PROVIDED DATA:
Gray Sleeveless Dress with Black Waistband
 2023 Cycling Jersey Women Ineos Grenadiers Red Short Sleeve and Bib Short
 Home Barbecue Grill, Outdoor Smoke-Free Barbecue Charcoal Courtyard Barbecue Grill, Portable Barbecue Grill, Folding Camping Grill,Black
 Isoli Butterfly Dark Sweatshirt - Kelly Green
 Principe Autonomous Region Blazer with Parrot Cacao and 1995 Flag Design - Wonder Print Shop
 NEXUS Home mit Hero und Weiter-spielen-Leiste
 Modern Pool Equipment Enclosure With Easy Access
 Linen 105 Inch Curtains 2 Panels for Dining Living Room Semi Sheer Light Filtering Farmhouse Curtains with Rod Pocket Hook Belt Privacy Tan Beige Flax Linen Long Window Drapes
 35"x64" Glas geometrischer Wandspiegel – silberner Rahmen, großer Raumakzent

EXERCISE DETAILS:
Output the records in full, exactly.

REPLY TO THE TASK:
Gray Sleeveless Dress with Black Waistband
 2023 Cycling Jersey Women Ineos Grenadiers Red Short Sleeve and Bib Short
 Home Barbecue Grill, Outdoor Smoke-Free Barbecue Charcoal Courtyard Barbecue Grill, Portable Barbecue Grill, Folding Camping Grill,Black
 Isoli Butterfly Dark Sweatshirt - Kelly Green
 Principe Autonomous Region Blazer with Parrot Cacao and 1995 Flag Design - Wonder Print Shop
 NEXUS Home mit Hero und Weiter-spielen-Leiste
 Modern Pool Equipment Enclosure With Easy Access
 Linen 105 Inch Curtains 2 Panels for Dining Living Room Semi Sheer Light Filtering Farmhouse Curtains with Rod Pocket Hook Belt Privacy Tan Beige Flax Linen Long Window Drapes
 35"x64" Glas geometrischer Wandspiegel – silberner Rahmen, großer Raumakzent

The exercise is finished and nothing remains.